I posed as Syrian mostly at moments of acute vulnerability in Latin America, South Asia, and Africa to discourage certain doubtful characters from taking advantage of me or viewing me as a lucrative target. It made little difference, nonetheless, because virtually nobody knew anything about Syria. Many in South America even asked whether the people in my country “speak Castillano” (Spanish) and one driver in Ecuador robbed me anyways.
I was sporadically Israeli while in India. Upon hearing this, one rickshaw driver stopped driving and turned around to look at me and said, “I am Muslim.” He then extended his hand and said “Salam Alaikum” as a gesture of good will, which I appreciated (though I stopped being Israeli after that).
Being North African
Africa was tricky. I cannot pass as black, and I do not wish to pass as a white African (there are lots of them, trust me) for fear of touching upon nativist resentment. I started off Colombian or Venezuelan but either claim was counterproductive because it meant I came on an expensive flight from another continent and therefore had money.
By the time I reached the Namibian border, I settled on being Moroccan. All of the security personnel crowded around me in curiosity asking what sorts of animals and resources and crops and tribes were to be found in Morocco. Strangely, nobody picked up on my true nationality even after examining my passport.
I soon switched to being Egyptian because it fit better with my Cape to Cairo Africa route.One driver asked me questions about the rights of women in my country stubbornly fishing for sexist responses that would confirm his own biases about Arab culture.
I began feeling it was wrong to pose as Egyptian given I had never visited the place, so I became Tunisian. One man wanted to talk about the current Tunisian president (yikes!) before going on a long rant about how wicked Americans are for assassinating Gadaffi and meddling in African politics.
Strong anti-American was a pervasive theme throughout my hitchhiking trips, but luckily I was immune to it as a North African. The African intelligentsia (which actually includes most truck drivers lol) has a strong sense of Pan-African solidarity, and I watched many schemers drop their sly plots against me when they realized I was a fellow African.
Being North African became unsustainable, however, once I reached the Swahili Coast because people there spoke enough Arabic to challenge me. At that point I transitioned to being Mustafa from Turkey.
I was Bosnian briefly in Varanasi, India. A fellow rickshaw driver made warm statements about Muslim solidarity before leveraging our shared religion in an aggressive attempt to kidnap and swindle me.

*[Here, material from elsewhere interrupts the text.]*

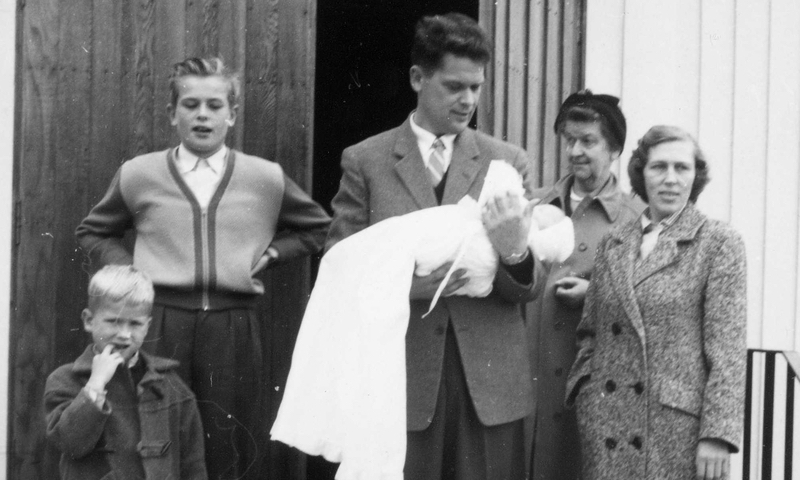Antall døpte i Den norske kirke ned 22 prosent på fem år&nbsp;<span>(+)</span>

I was once Slovenian in Bali. A little Balinese girl urged me in fluent Slovenian to buy her postcards (wtf?). That was the last time I was Slovenian.
I was Macedonian throughout my time in the former USSR in order to avoid the prices expected from Western Europeans. Few understood what Macedonia is.
Boring Half Lies
If I say I am from Georgia, it’s because I went to high school in a state called Georgia, but most people outside the US assume I’m referring to the country Georgia, and I never correct them.

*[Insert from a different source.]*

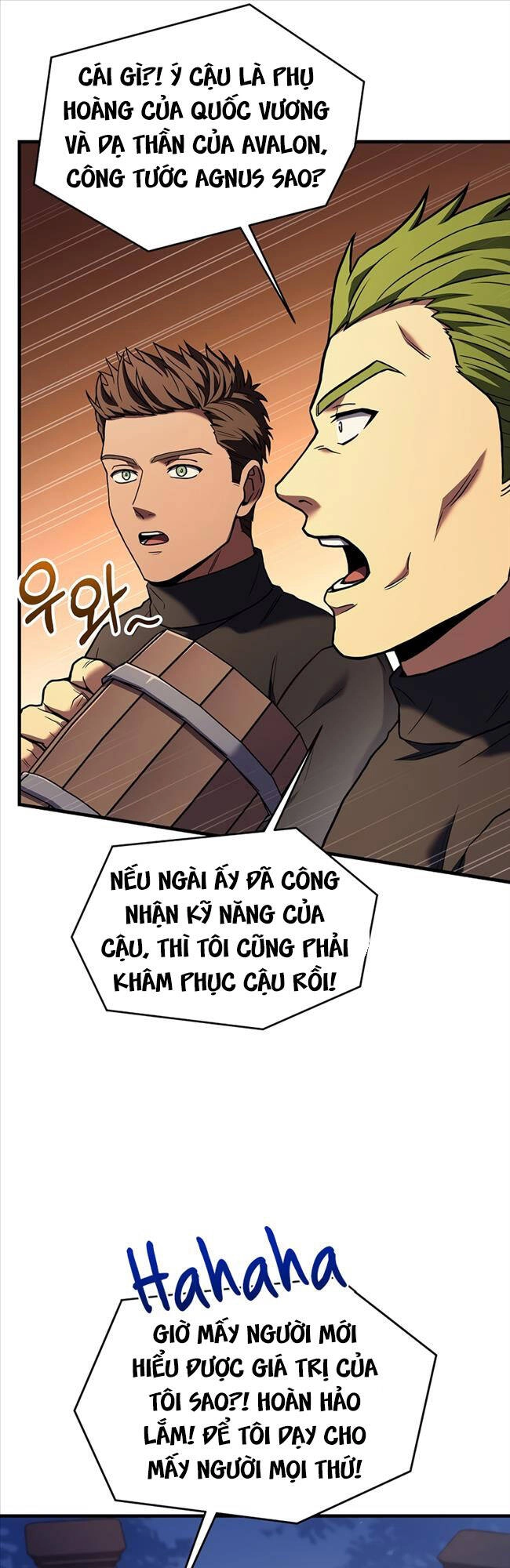 Huyền Thoại Giáo Sĩ Trở Lại Chapter 89 - 47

If I say I am from Spain or Portugal, it’s because I’ve been living and working in both countries and am in the process of becoming naturalized citizens of both on the basis of ancestral lineage. People typically try to relate to me by talking about Real Madrid, FC Barcelona, or Cristian Ronaldo.
The Wild Cards
Sometimes I throw out entirely improbable countries like India, China, Indonesia, Pakistan, or Bangladesh just to get a reaction. Some people question it but most do not (either out of ignorance or politeness). In some cases, people find it feasible that I am from the more remote provinces of China or India where there are ethnic minorities that not look nothing like the majority ethnic group.